SYDNEY--The central banks of Russia, Kazakhstan and Belarus topped up their official gold reserves last month, while countries including Tajikistan and Mozambique cashed in some of their holdings as gold prices rose, data from the International Monetary Fund show.

Emerging markets again dominated gold-market activity among central banks in December, continuing a trend that emerged in recent years as expanding economies sought to diversify their assets amid turbulence in global markets.

Russia, which has one of the world's largest holdings of the metal, added around 666,500 troy ounces to its 38.8-million ounce stockpile last month, according to the IMF data Tuesday. Kazakhstan meanwhile lifted its reserves 2.2% to 6.2 million ounces, and Belarus 3.3% to 1.4 million.

The Netherlands also increased its official reserves by 309,000 ounces, or 1.6%, to 20 million ounces--the first change to its holdings since 2008, according to the IMF data. The Dutch central bank, which in November announced it would repatriate some of its gold reserves from the U.S. in an effort to spread its gold stock in "a more balanced way," wasn't immediately available for comment.

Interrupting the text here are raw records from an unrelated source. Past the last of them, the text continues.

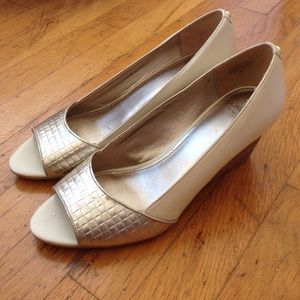Cute wedges in cream gold size 8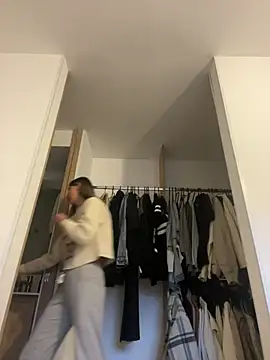 Ameellie online show from 03/21/25, 03:02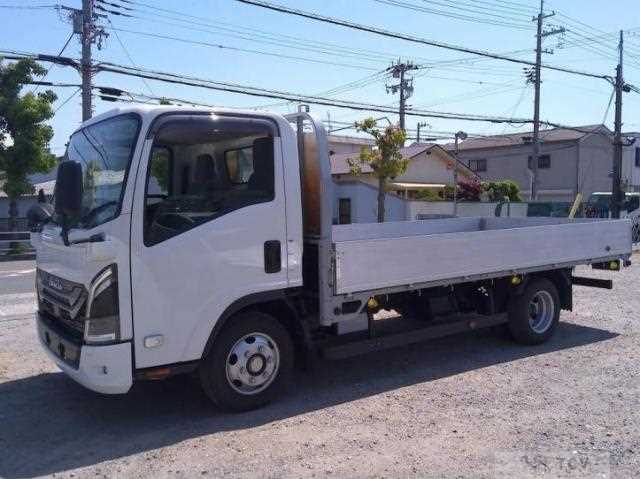 2025 Isuzu Elf Truck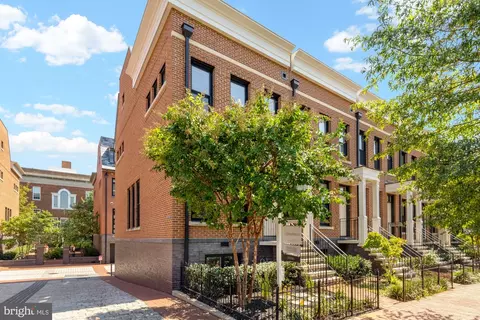 412 13th St SE, Washington, DC 20003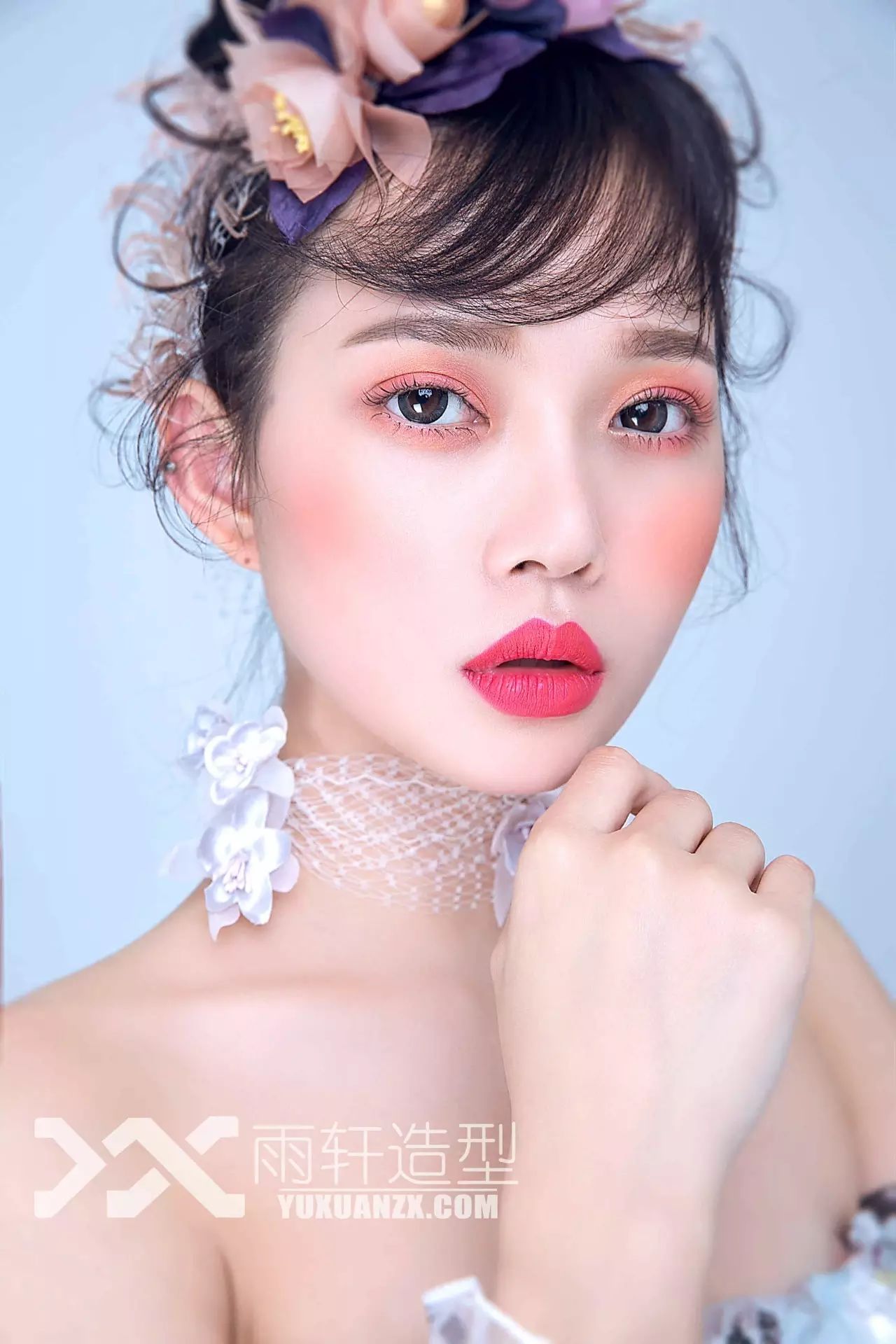 最新潮流妝容,展現溫馨日常的時尚魅力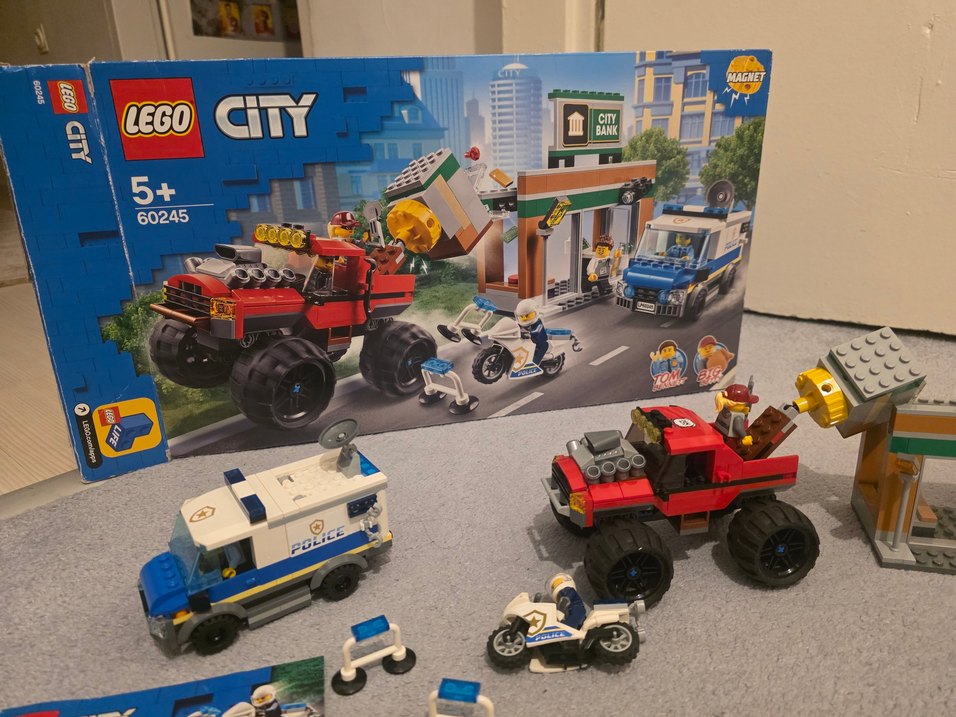 LEGO City 60245 Polis ve Kaçış Seti - Görsel 3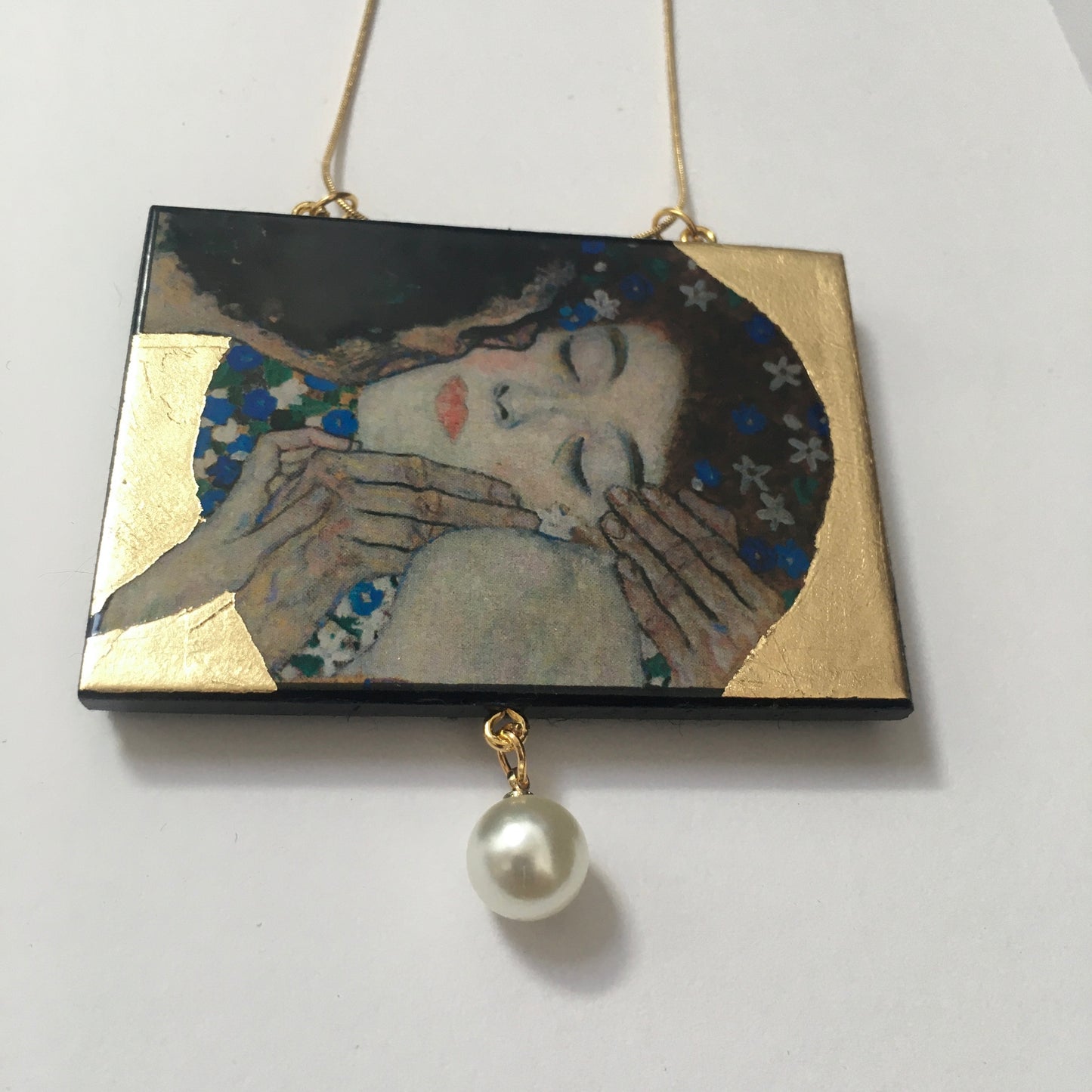 Museum-Inspired Sustainable Necklace Gustav Klimt “The Kiss” Art Pendant Necklace with Pearl &amp; Gold Leaf Obljewellery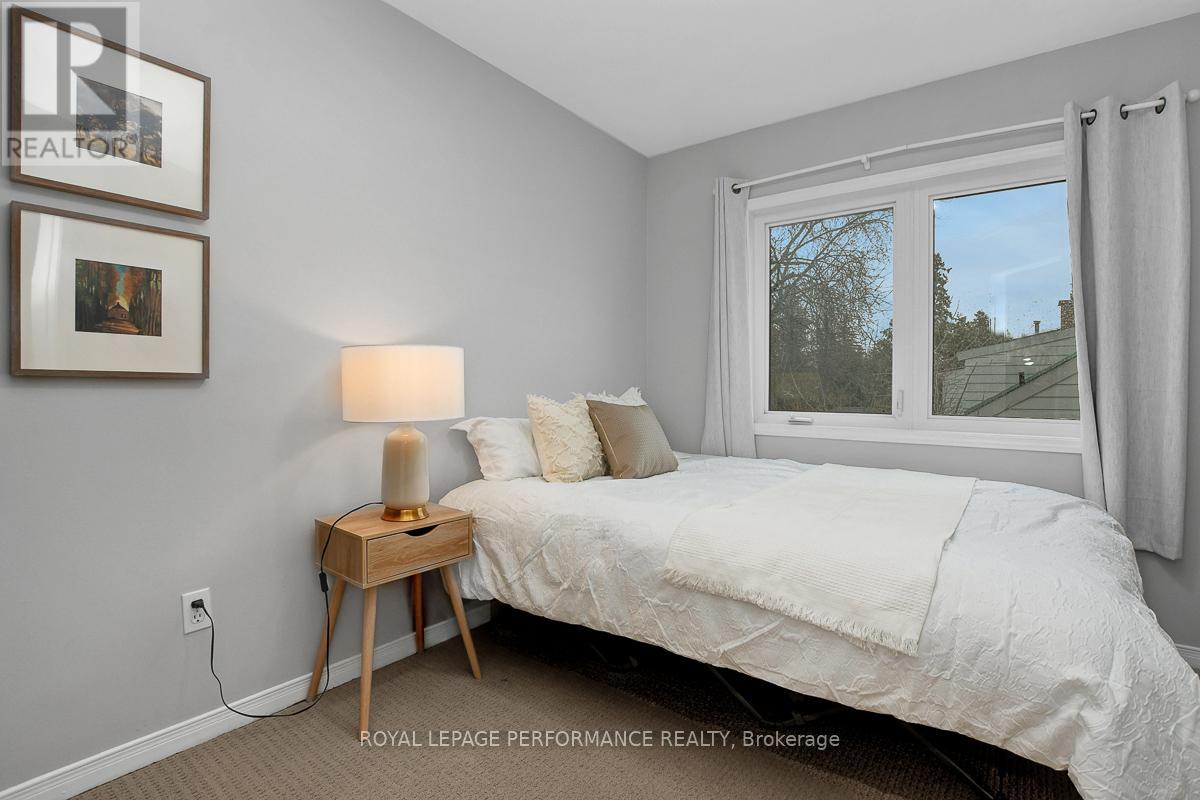 19 Columbus Avenue, Ottawa, Ontario  K1K 1R2 - Photo 24 - X12877048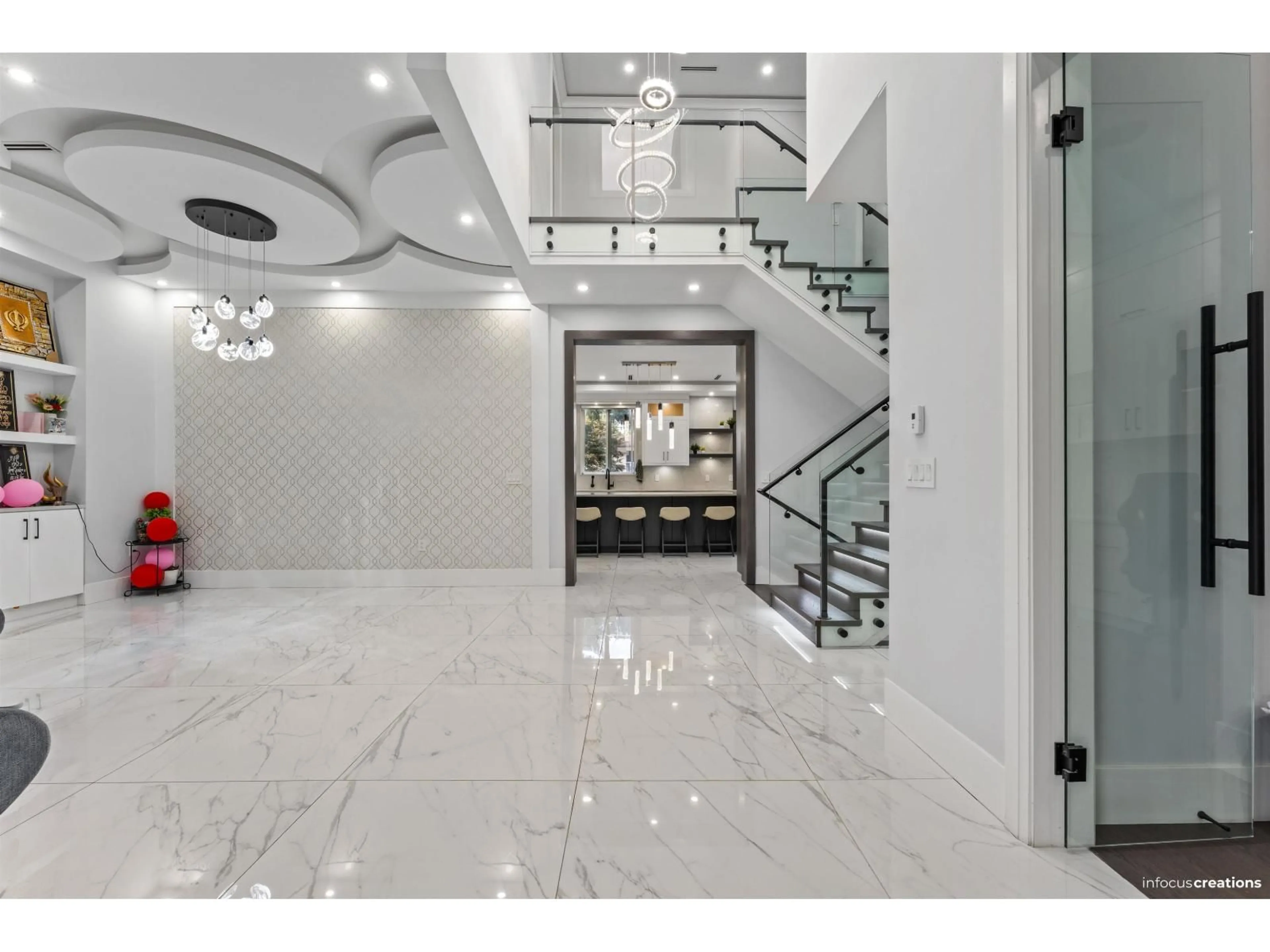 Indoor foyer for 18339 63 AVENUE, Surrey British Columbia V3S8B1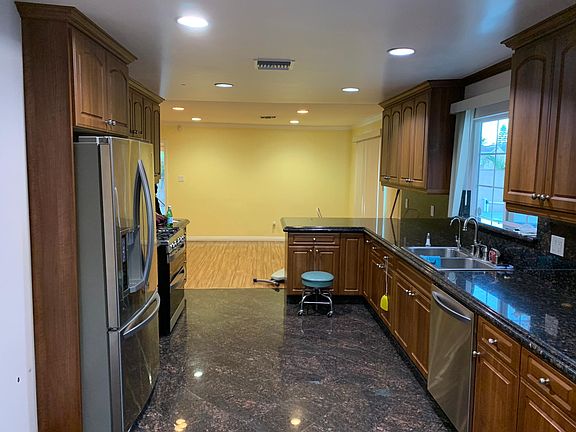 4th image of 7711 Ampere Ave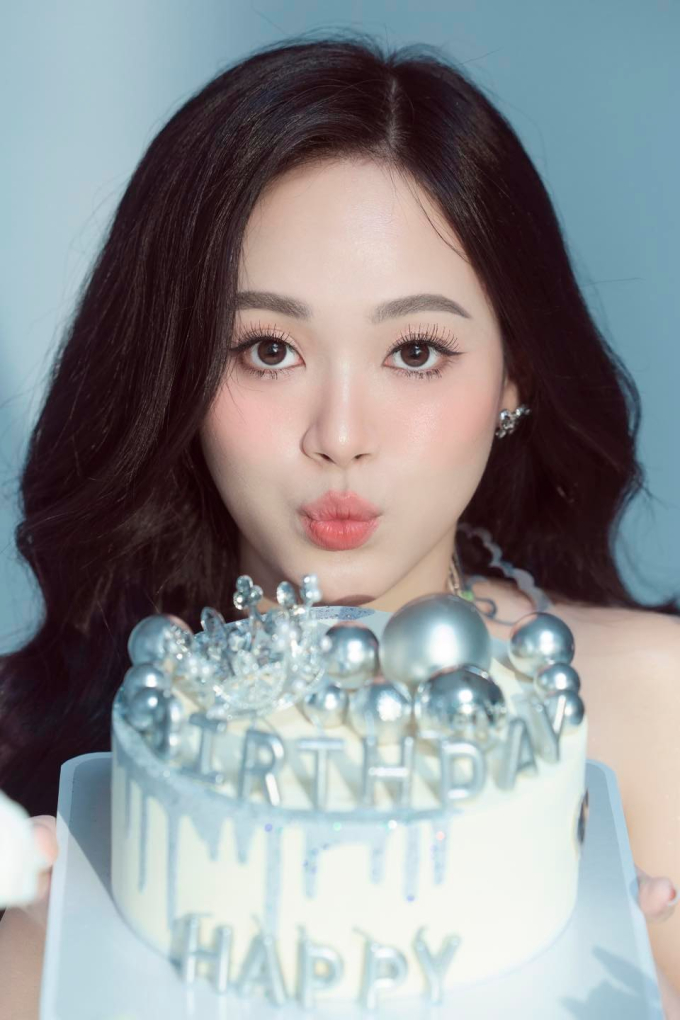 Á hậu Thùy Linh tung bộ ảnh trong veo tựa thần tiên tiểu muội: Fan hối xuất khẩu sang Miss International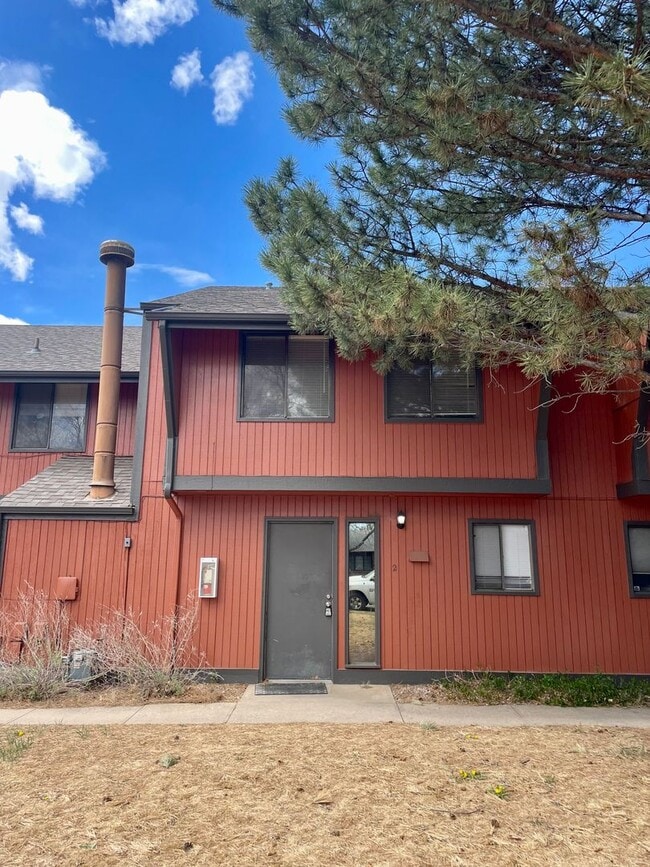 Foto del edificio - Beautiful Two-story, 3 Bed, 1.5 Bath Condo 1/2 Mile from CSU!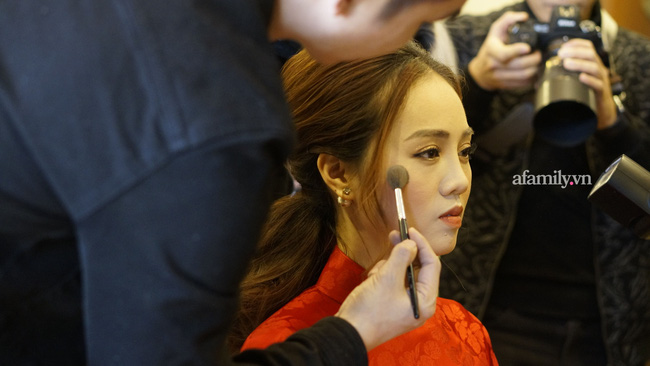 Lễ ăn hỏi ấm cúng của NSND Công Lý và cô dâu kém 15 tuổi: Cô dâu thay áo dài trắng theo chú rể về nhà chồng - 20 Lễ ăn hỏi ấm cúng của NSND Công Lý và cô dâu kém 15 tuổi: Cô dâu thay áo dài trắng theo chú rể về nhà chồng - 20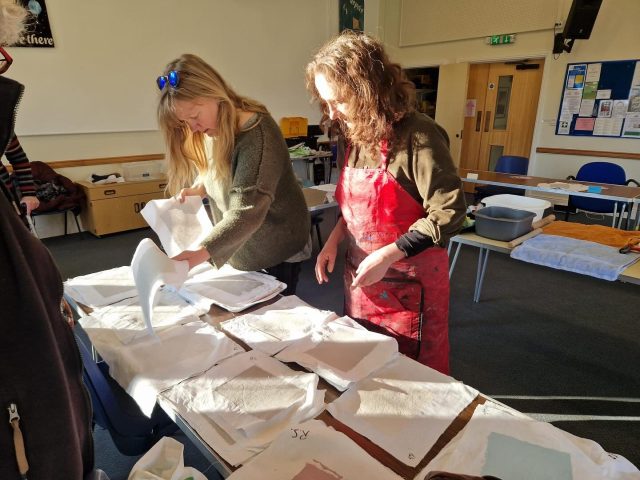 Our four week paper-making course with Ginny Carvisiglia starts this Thursday 31 July 6-8pm and there are a few spaces left.Enjoy a practical, interesting, and hands-on introduction to papermaking.The course is suitable for beginners and is an introduction to making handmade paper without specialist equipment, using recycled paper and natural objects and dyes.Find out more and book a place  at sandyhillarts.co.uk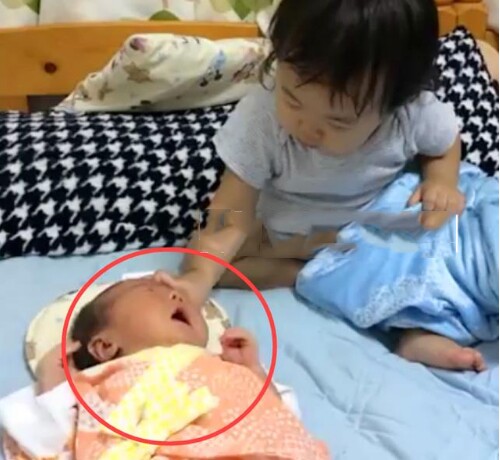 Nghe tiếng con khóc giữa đêm, người mẹ giật mình tỉnh giấc, vừa bật đèn phát hiện con lớn có hành động không ngờ với em sơ sinh - 2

Malaysia too acquired extra gold for its reserves, which rose to 1.2 million ounces from 1.1 million.

Some central banks cut their gold holdings, though, at a time when global bullion prices started rising amid jitters over the European outlook. The gold price averaged US$1,202 an ounce in December, up from US$1,176 an ounce the month prior, according to The London Bullion Market Association.

In December, Mozambique cut its holdings of the precious metal by 15% to around 175,000 ounces, while Tajikistan lowered its reserves 11% to just below 278,000 ounces, according to the IMF data.

Turkey's central bank reported a decrease of more than 124,000 ounces to the IMF, taking its official reserves to 17.0 million ounces--although analysts say volatility in the country's reserves largely results from a central-bank decision to start accepting gold as collateral from commercial banks in late 2011.